Using the entries below, write out the line with "Sapgaks Canapé d'angle", the line with "Фозиноприл таблетки 20мг 30шт", and every line in between, exactly as each is written.

### Exercise materials

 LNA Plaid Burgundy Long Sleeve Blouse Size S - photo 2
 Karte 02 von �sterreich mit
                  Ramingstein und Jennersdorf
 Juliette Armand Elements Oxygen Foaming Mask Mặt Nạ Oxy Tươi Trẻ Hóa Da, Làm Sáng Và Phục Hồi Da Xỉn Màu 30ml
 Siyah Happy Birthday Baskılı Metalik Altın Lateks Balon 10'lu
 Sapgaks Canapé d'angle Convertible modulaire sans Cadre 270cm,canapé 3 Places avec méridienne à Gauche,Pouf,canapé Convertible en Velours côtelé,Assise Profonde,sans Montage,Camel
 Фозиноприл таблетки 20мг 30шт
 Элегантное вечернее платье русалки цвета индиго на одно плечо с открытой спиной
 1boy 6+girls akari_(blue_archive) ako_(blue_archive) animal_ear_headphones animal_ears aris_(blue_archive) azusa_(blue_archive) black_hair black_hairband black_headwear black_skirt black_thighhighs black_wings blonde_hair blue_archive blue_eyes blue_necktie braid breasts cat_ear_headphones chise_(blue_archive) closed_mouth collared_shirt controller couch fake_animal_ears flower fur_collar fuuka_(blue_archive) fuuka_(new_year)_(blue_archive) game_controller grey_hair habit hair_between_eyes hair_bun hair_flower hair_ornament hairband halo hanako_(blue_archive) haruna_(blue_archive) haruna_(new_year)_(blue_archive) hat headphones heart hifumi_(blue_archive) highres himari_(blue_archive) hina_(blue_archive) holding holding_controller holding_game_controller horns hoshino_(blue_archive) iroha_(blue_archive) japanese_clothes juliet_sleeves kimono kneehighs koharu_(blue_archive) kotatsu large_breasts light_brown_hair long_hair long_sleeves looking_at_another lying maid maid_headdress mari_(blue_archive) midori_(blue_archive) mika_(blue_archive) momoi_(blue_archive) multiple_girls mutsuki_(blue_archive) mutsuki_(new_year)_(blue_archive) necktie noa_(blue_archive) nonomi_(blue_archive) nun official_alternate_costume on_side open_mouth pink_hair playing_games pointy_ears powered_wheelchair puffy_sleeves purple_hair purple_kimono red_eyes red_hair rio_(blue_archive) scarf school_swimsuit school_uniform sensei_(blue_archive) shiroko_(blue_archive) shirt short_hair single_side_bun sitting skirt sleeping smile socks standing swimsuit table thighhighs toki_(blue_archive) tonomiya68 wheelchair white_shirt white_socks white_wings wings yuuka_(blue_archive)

######

Reply to the task =>
 Sapgaks Canapé d'angle Convertible modulaire sans Cadre 270cm,canapé 3 Places avec méridienne à Gauche,Pouf,canapé Convertible en Velours côtelé,Assise Profonde,sans Montage,Camel
 Фозиноприл таблетки 20мг 30шт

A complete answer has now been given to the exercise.